---------- GIVEN INFORMATION ----------

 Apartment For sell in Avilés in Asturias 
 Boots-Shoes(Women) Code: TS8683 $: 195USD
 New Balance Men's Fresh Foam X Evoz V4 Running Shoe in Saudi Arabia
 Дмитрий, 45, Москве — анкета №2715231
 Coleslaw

----------
---------- GIVEN INFORMATION ----------

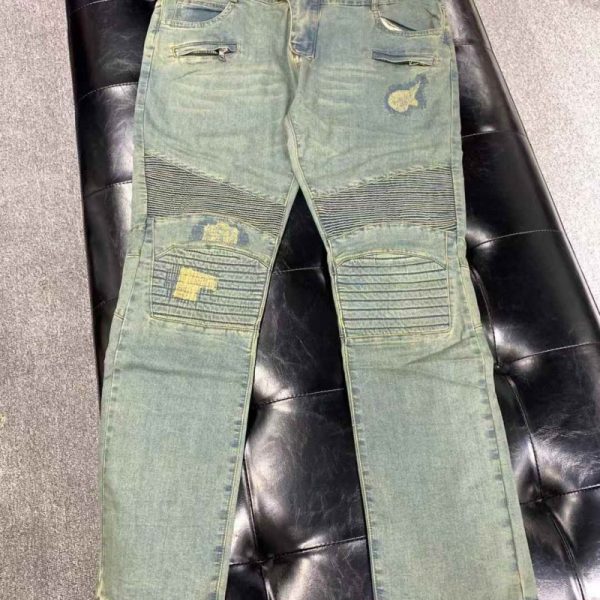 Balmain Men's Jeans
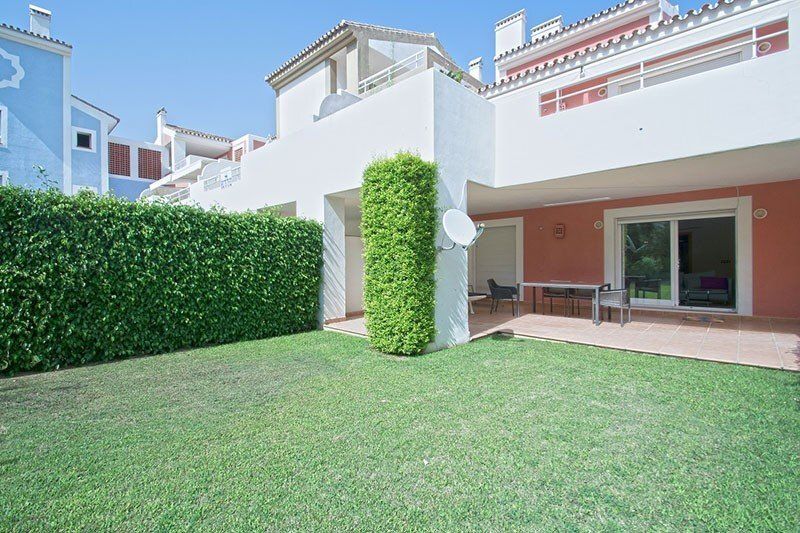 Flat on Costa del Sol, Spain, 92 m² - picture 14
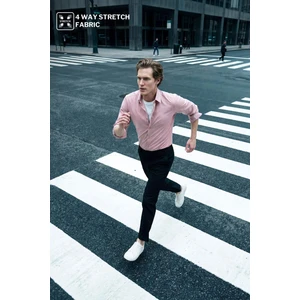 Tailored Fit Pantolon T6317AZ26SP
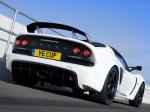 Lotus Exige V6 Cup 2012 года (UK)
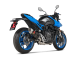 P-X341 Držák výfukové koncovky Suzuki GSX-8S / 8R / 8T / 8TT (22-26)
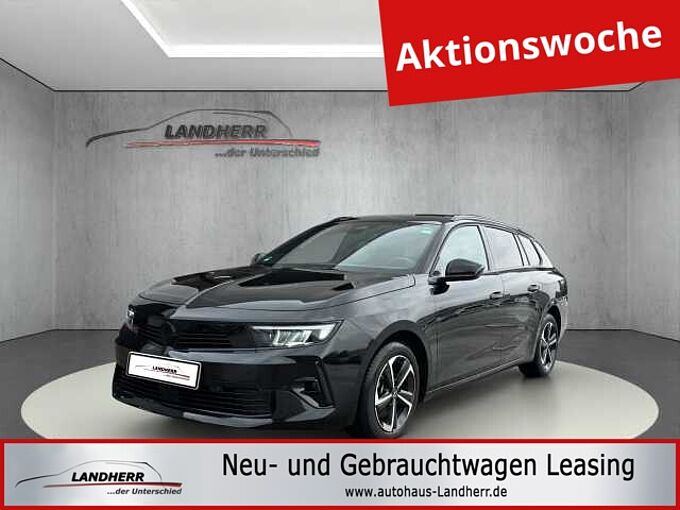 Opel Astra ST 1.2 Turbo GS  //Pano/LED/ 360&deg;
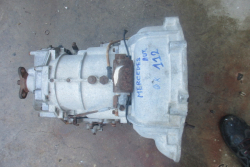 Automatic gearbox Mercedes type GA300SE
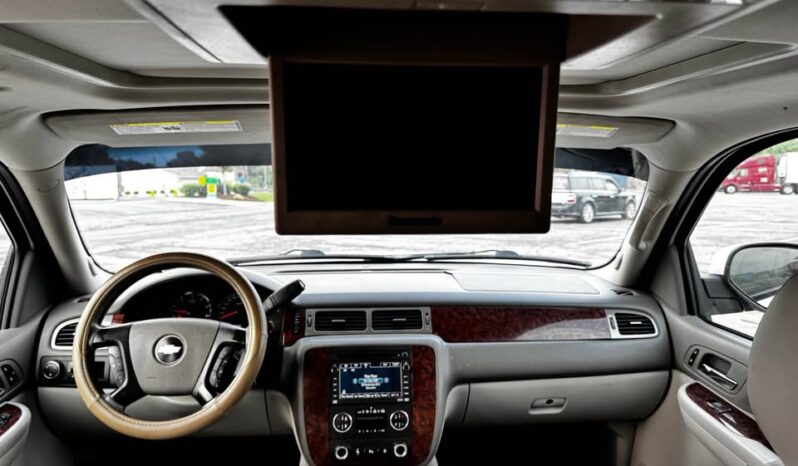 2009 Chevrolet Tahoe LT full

----------
---------- GIVEN INFORMATION ----------

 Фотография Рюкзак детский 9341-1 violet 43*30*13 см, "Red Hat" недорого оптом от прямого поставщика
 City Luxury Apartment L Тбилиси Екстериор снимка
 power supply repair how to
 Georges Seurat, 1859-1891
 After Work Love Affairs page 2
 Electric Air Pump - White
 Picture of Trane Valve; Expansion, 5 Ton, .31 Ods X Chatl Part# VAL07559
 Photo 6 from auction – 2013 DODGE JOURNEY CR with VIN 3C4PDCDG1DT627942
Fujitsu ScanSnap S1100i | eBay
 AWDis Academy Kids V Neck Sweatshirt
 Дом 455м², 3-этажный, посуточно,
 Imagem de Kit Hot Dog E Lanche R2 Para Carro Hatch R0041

----------

■ INSTRUCTIONS FOR THE TASK ■
All that belongs in the answer is the run of lines above from the line containing "Georges Seurat, 1859-1891" through the line containing "Imagem de Kit", exactly as written.

■ TASK RESULT ■
 Georges Seurat, 1859-1891
 After Work Love Affairs page 2
 Electric Air Pump - White
 Picture of Trane Valve; Expansion, 5 Ton, .31 Ods X Chatl Part# VAL07559
 Photo 6 from auction – 2013 DODGE JOURNEY CR with VIN 3C4PDCDG1DT627942
Fujitsu ScanSnap S1100i | eBay
 AWDis Academy Kids V Neck Sweatshirt
 Дом 455м², 3-этажный, посуточно,
 Imagem de Kit Hot Dog E Lanche R2 Para Carro Hatch R0041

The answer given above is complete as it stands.